Way back at the start of this blog I talked about the mantras I used to focus and motivate me through the first couple drafts. I think I have new one for this draft.
When I was drafting, the mantra was "Just add sentences." Whatever it was I was afraid of or confused by, don't let that stop me from adding sentences. That was the only goal. Quality was the enemy. Art was the enemy. Intelligibility was the enemy. Just add sentences.
When it came to the first (and eventually the second and third) rewrite, I figured out that my mantra was "keep digging." What I needed to do during that long period was to develop the emotional complexity of many many episodes and the way to do that was the dig deeper into it. The tendency was to try and fix things up by writing the patch from one spot to another so I could persuade myself that I magically wrote a perfect book in only two drafts, so I had to remind myself that it was premature to do that. Keep digging.
The draft I was working on last winter, I was thinking in terms of mantras or focusing questions, but looking back I was probably telling myself something like "keep cutting." That was the stage where I cut it down by about 27% if I remember right.
This draft I did in the last month, the way I focused myself, as I mentioned several times, was to ask "What is the intention in this chapter/episode/section?" Not a mantra in that case, but a focusing question. And as I mentioned, it helped a ton. I would spend a little time before each chapter freewriting on that question and eventually an answer would present itself which would in turn make clear big pieces that didn't adhere to the intention.

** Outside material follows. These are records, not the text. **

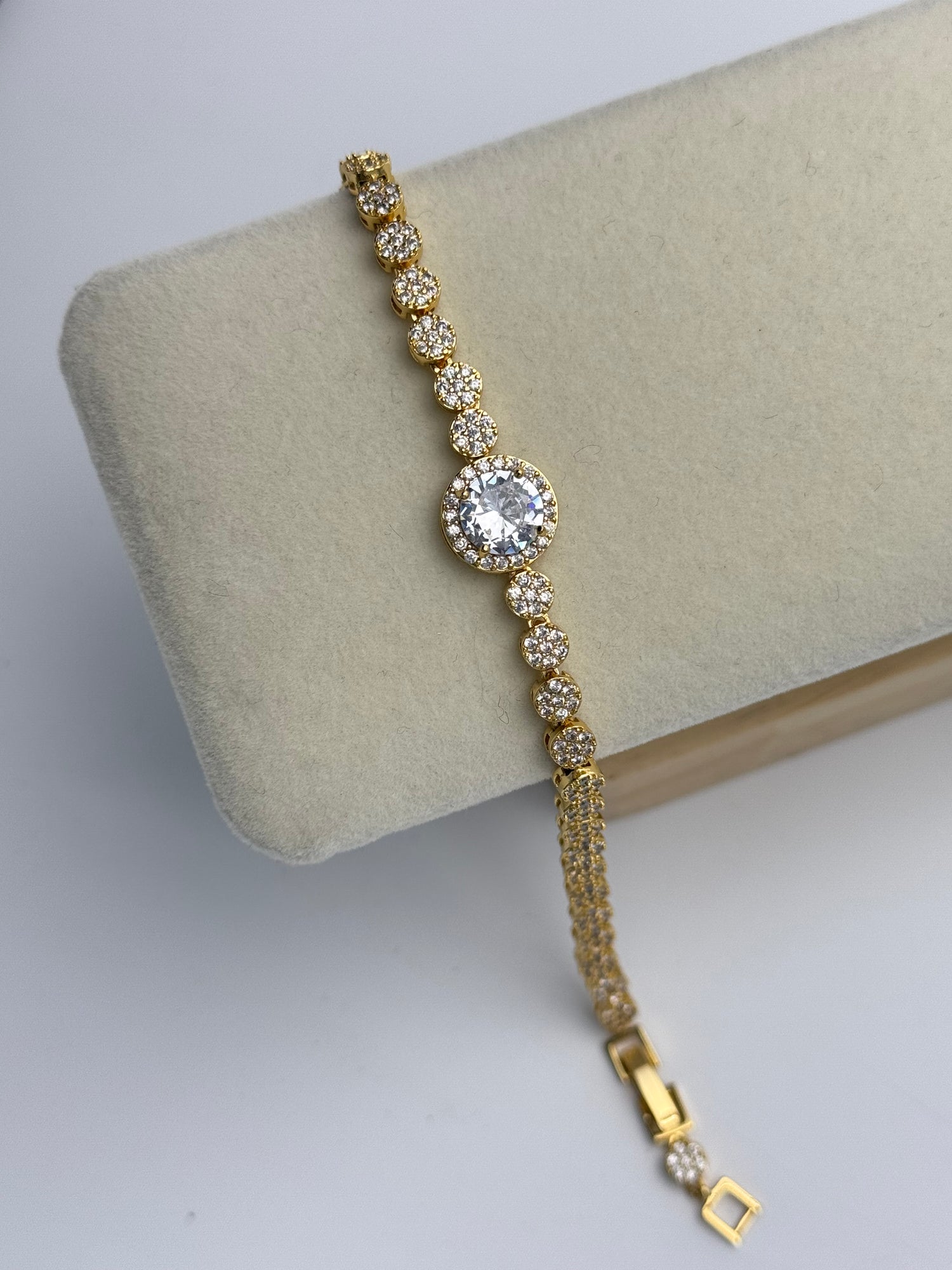 İTHAL ZİRKON TAŞLI GOLD BİLEKLİK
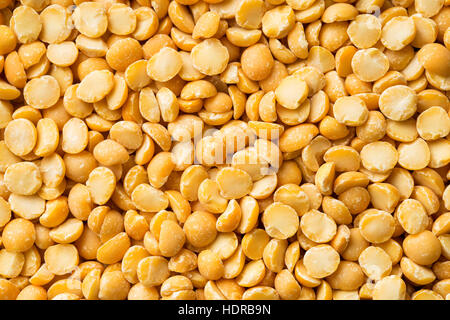La texture di giallo piselli spezzati. Vista dall'alto. Foto Stock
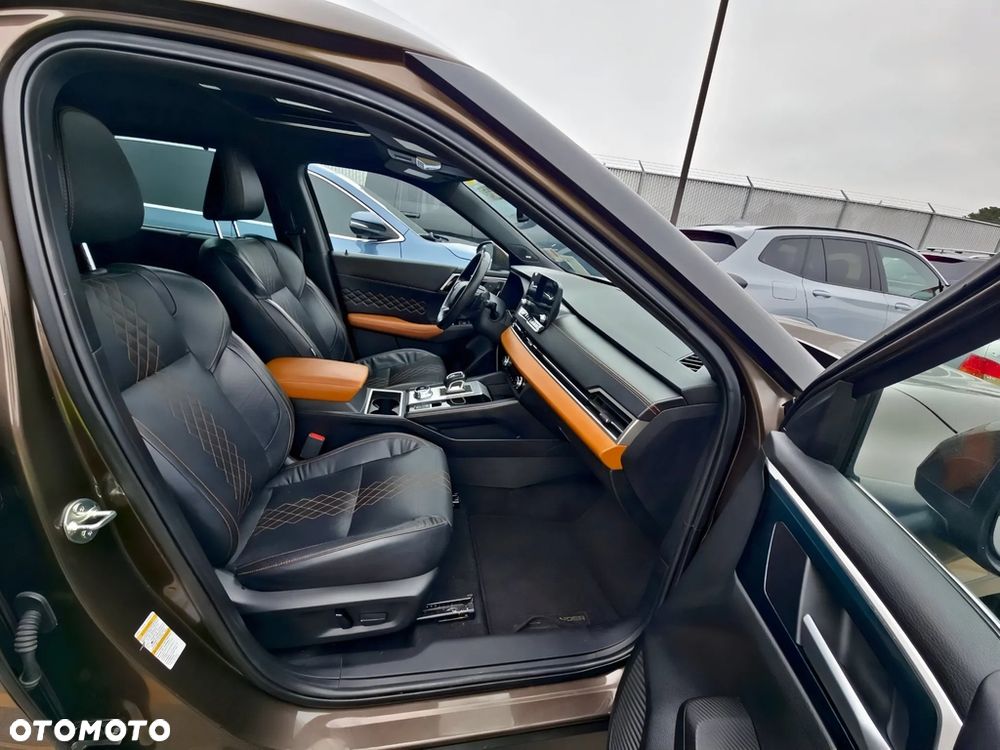 Mitsubishi Outlander - 10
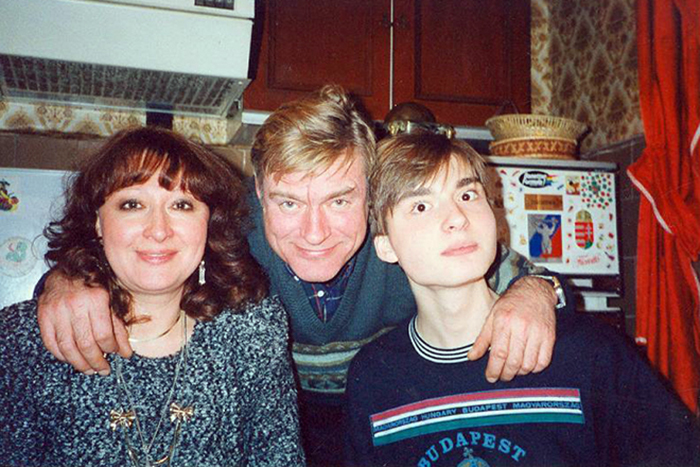 Борис Щербаков с женой и сыном. / Фото: biografii.net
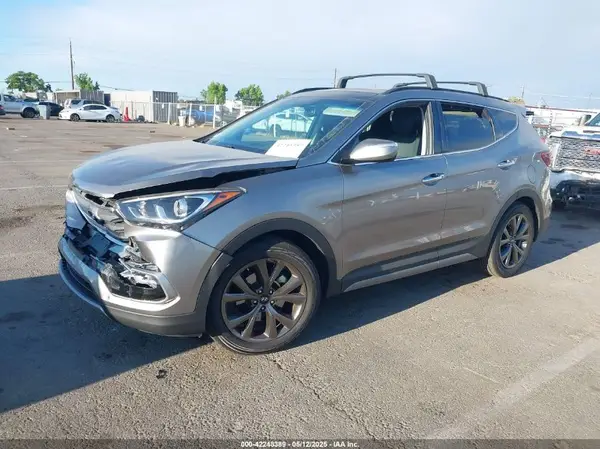 5XYZW4LA1JG515019 2018 HYUNDAI SANTA FE - Image 2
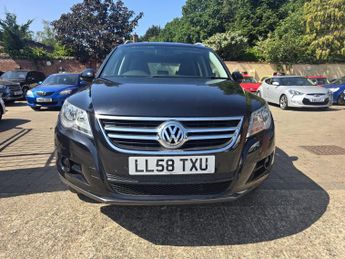 Volkswagen Tiguan 2.0 TDI SE Auto 4WD Euro 4 5dr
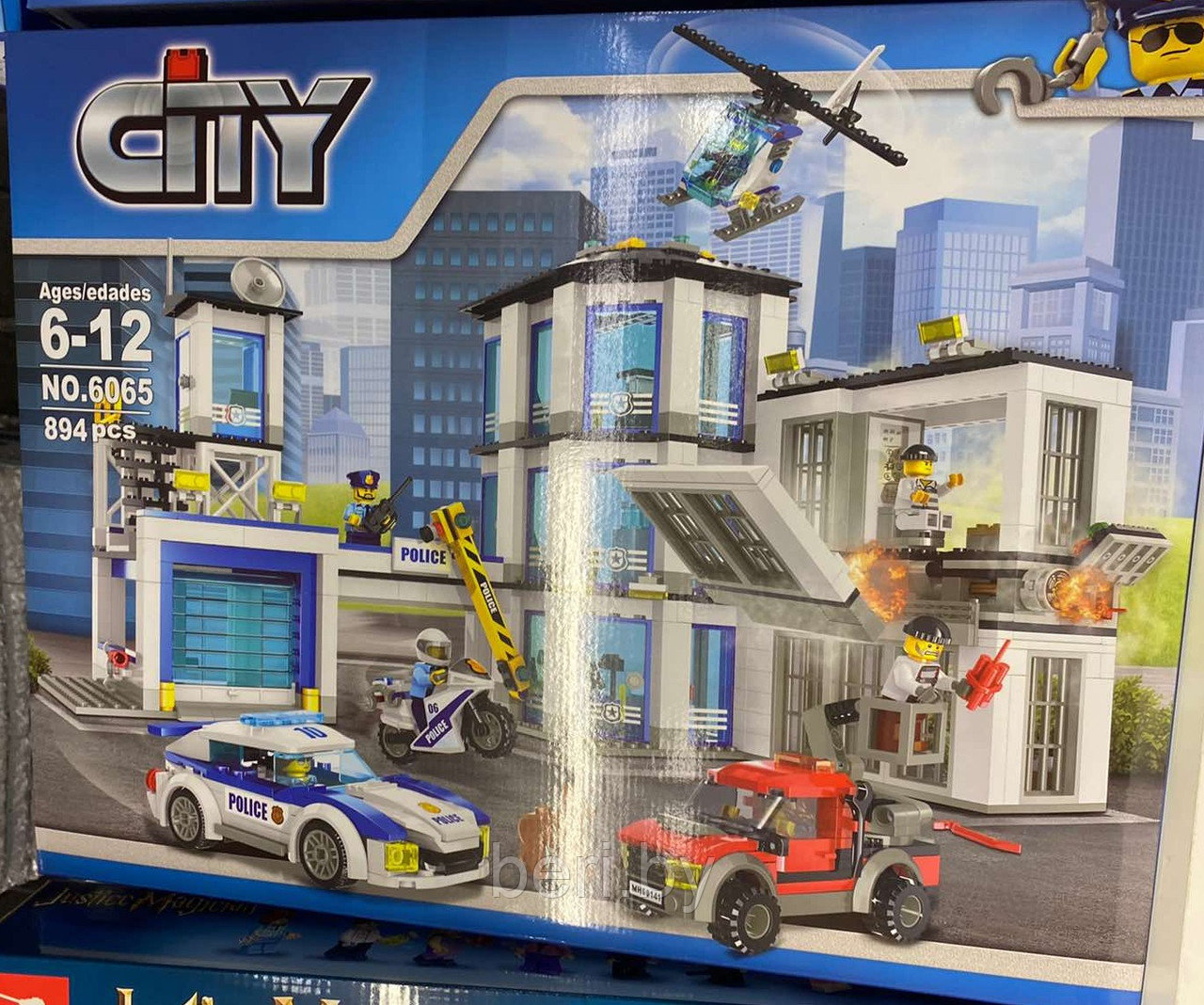 10660 Конструктор Bela Cities "Большой полицейский участок", 894 детали, аналог Lego City 60141 - фото 1 - id-p200657054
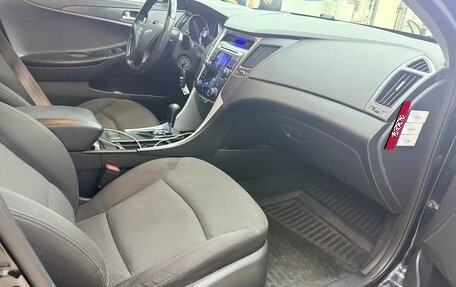 Hyundai Sonata VI, 2011 год, 850 000 рублей, 12 фотография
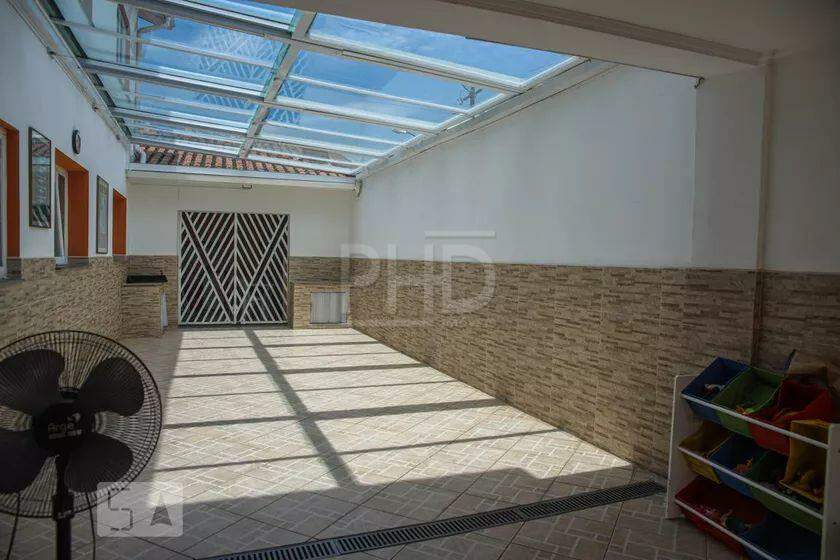 Casa para alugar com 3 quartos, 228m² - Foto 46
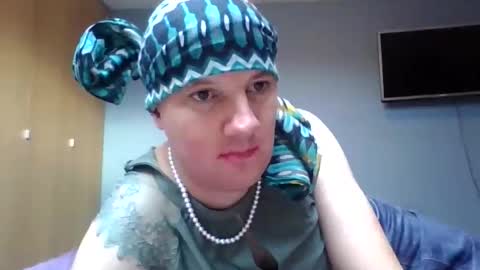 Snapshot of thomasverdries chatting on 11-18-25, 07:57 thomasverdries online show from 11-18-25, 07:57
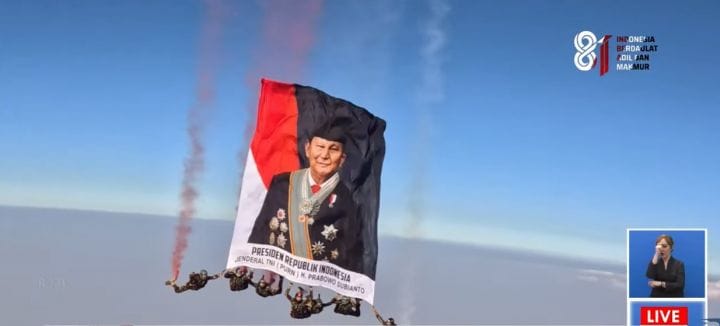 Ketika Foto Presiden Prabowo Berkibar di Langit Jakarta saat Perayaan HUT ke-81 RI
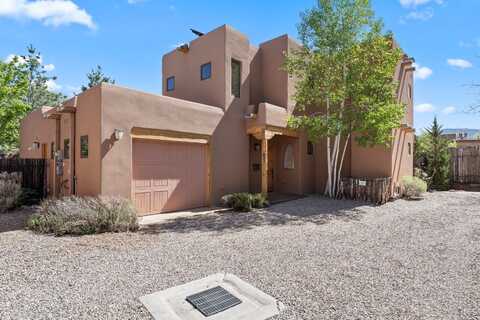 823 Waldo Street, Santa Fe, NM 87505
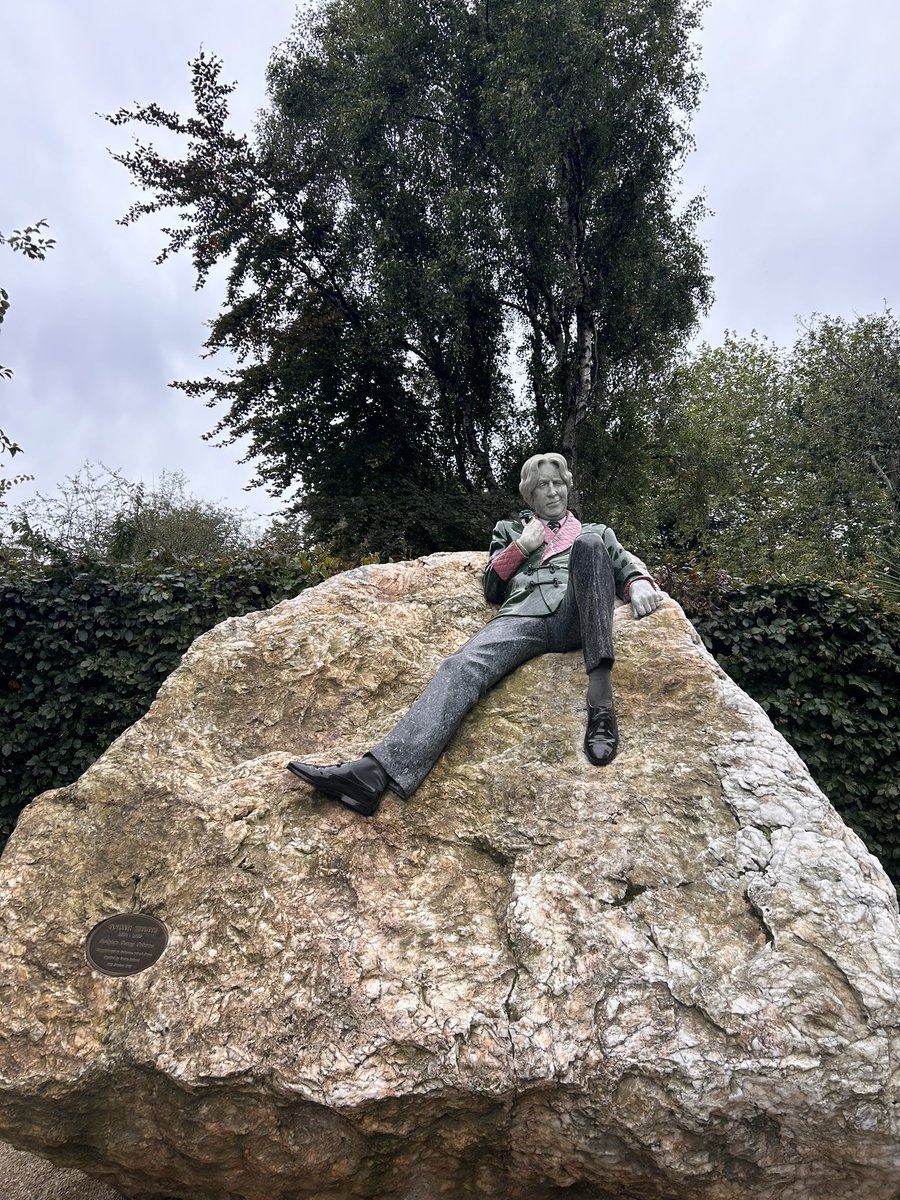 Started the holidays with a very English Teacher vibe 📚🇮🇪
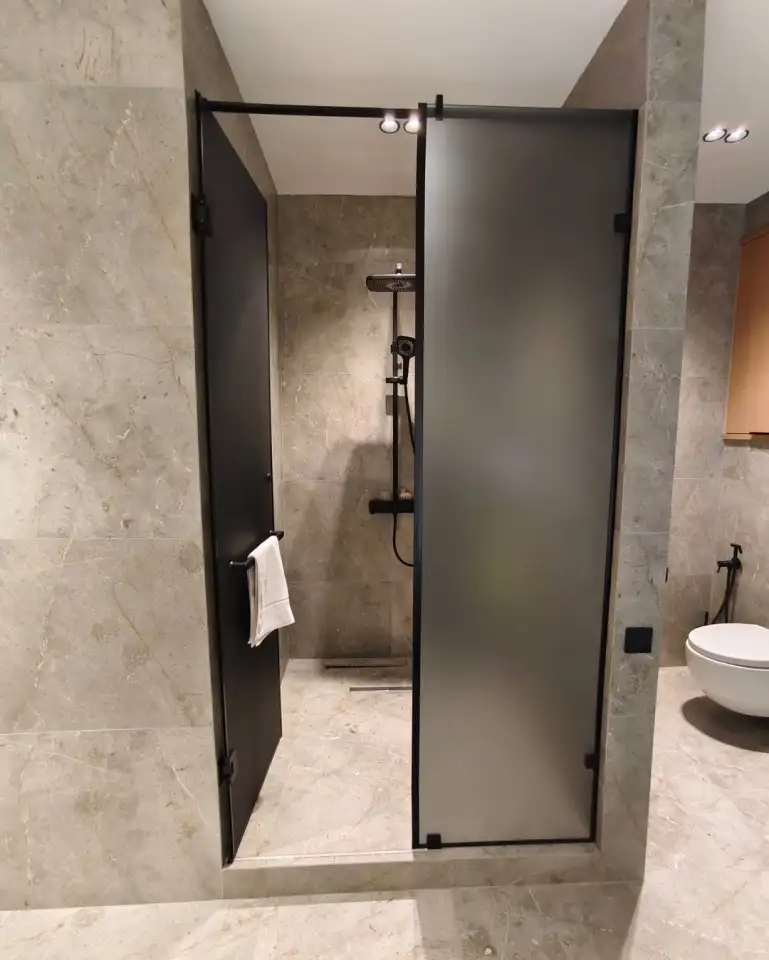 Изготовление и монтаж душевых перегородок из каленого стекла на заказ, фотография 2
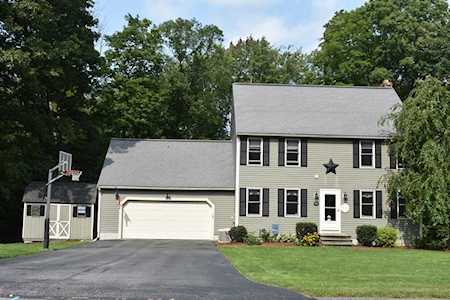 140 Jessica Way Northbridge, MA 01534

The next draft . . . I said yesterday, I think I could benefit from some kind of focusing question like that, and I spent some time last night thinking about that and reading some different sources that have been valuable to me in the past. I'm not sure I've found the exact right concern to guide me in this draft, but here is what I've settled on: "Show the reader the necessity." I'll be all over the issue of necessity. That cuts two ways. One is cutting out what is unnecessary, and, again, I'm hoping this is at a sentence-craft level by now. I'm trying to get the sentences to zip. Two is building up the energy of the language to help the reader feel the necessity of a given scene. I want the book to feel necessary.